# I Quantum superposition from interference?

1. Aug 23, 2016

### exmarine

While studying the wiki article for Quantum Superposition, I find this sentence:

“An example of a physically observable manifestation of superposition is interference peaks from an electron wave in a double-slit experiment.”

Can someone explain how interference proves (shows? demonstrates?) superposition? I search through the rest of the article and don’t recognize it if there. I guess interference shows that the amplitudes for the alternate paths are complex numbers. So… then what? Is one state that it came through slit one, and the superposed state that it came through the other?

Thanks.

2. Aug 23, 2016

### BvU

Yes. And each and every single electron is in such a superposed state.

3. Aug 23, 2016

### Staff: Mentor

Pretty much, although wording it that way treats the two slits asymmetrically, which isn't quite right. Perhaps "the wave function at the screen is a superposition of the contributions from both slits"?

In any case, you should be a bit cautious with wikipedia. Some pages are very good, some not so much.... so approach with caution, and always take a look at the "Talk" page.

4. Aug 31, 2016

### exmarine

Yes, that is a better way to say it. Thanks.

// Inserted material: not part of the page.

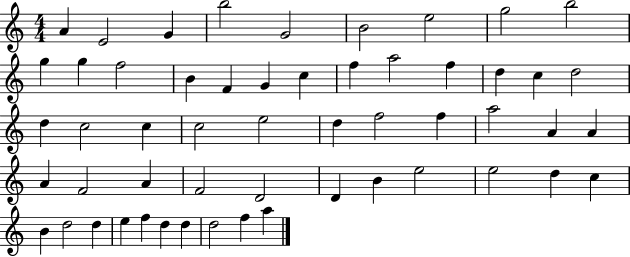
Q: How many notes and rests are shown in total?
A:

I guess what I think is missing from the syllogism is that interference proves that the electron actually came via more than one discrete route. Since according to Feynman’s All Paths stuff, everything actually arrives via more than one path, I think one has to distinguish that for interference, those paths must somehow be discrete. Perhaps there is a better word than discrete?

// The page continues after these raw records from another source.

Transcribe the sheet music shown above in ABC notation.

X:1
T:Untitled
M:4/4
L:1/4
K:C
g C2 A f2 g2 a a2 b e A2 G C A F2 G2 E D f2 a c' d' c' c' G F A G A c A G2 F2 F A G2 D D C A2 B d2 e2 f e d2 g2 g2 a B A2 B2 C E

And then that such a condition for an item is a superposition of states?

Thanks.

5. Sep 1, 2016

### Staff: Mentor

Interference demonstrates that the probability of finding the electron at a given position can be calculated by summing the phase shift along each possible path. The step from there to the conclusion that an electron or anything else is "actually" moving along all those paths feels natural (and might even be right), but it's a step beyond what has been demonstrated.

Many observables (just about anything based the position or momentum of an unbound particle, for example) have continuous spectrums, so "discrete" isn't the right word. "Distinct" or "distinguishable" might work better? Best is not to rely on informal language at all; we're forming the vector sum of rays in Hilbert space and the question never arises.